'''

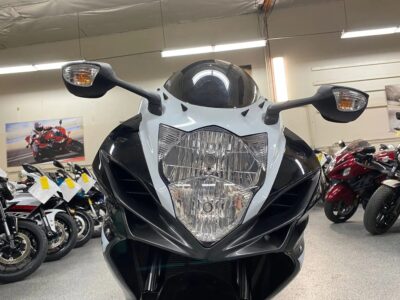 2014 Suzuki GSXR 600
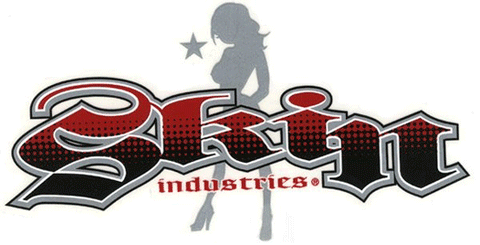 Skin Industries Girl Logo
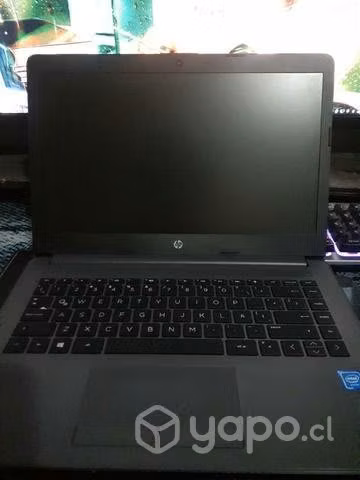 Notebook HP G7 N2040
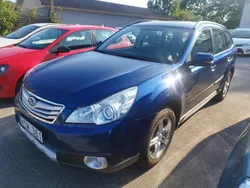 Mörkblå Begagnad 2010 Subaru Outback SUV | 69 900 kr (Marknadspris)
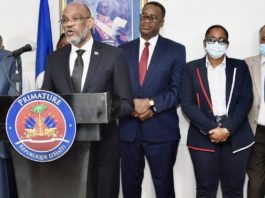 Grupos haitianos se unen a bandas para sacar del poder a Ariel Henry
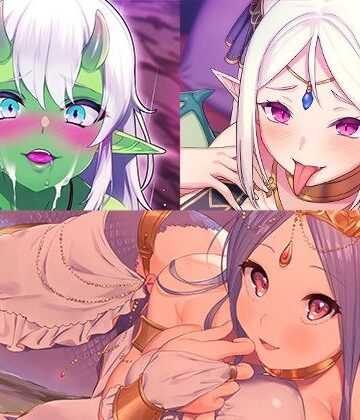 【スタジオレイン】もん娘詰め合わせ3｜ラブラブ・あまあま 評価
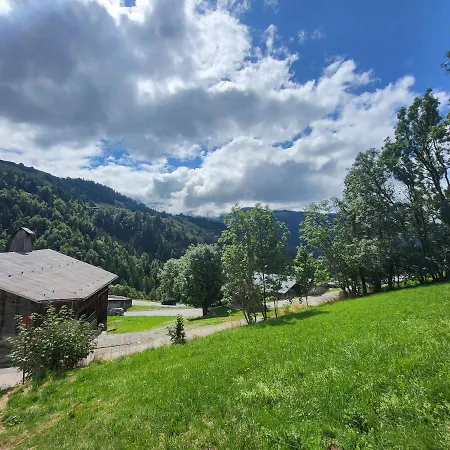 Apartment Cosy Face Aux Aravis *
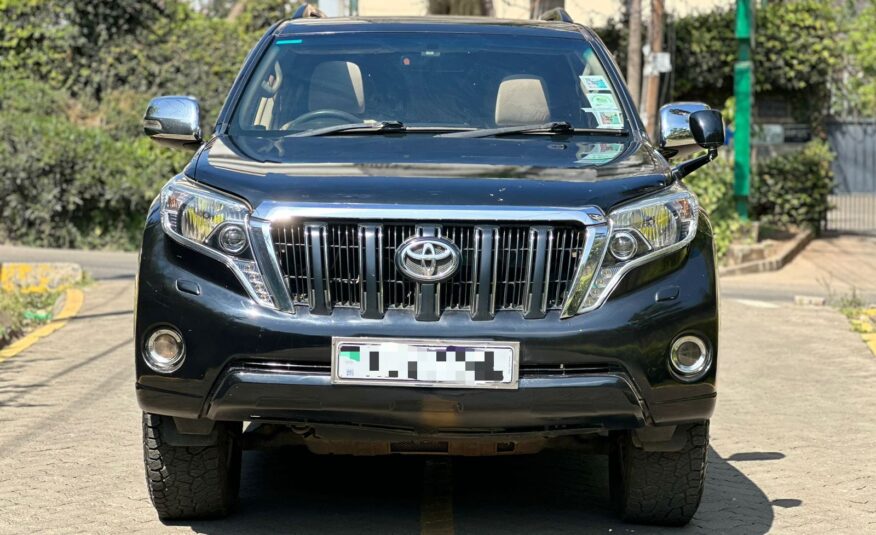 2010 Toyota Landcruiser Prado TX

'''

*What to do*
Output every entry verbatim. Pictures do not belong in the copy.

*Exercise solution*
 2014 Suzuki GSXR 600
 Skin Industries Girl Logo
 Notebook HP G7 N2040
 Mörkblå Begagnad 2010 Subaru Outback SUV | 69 900 kr (Marknadspris)
 Grupos haitianos se unen a bandas para sacar del poder a Ariel Henry
 【スタジオレイン】もん娘詰め合わせ3｜ラブラブ・あまあま 評価
 Apartment Cosy Face Aux Aravis *
 2010 Toyota Landcruiser Prado TX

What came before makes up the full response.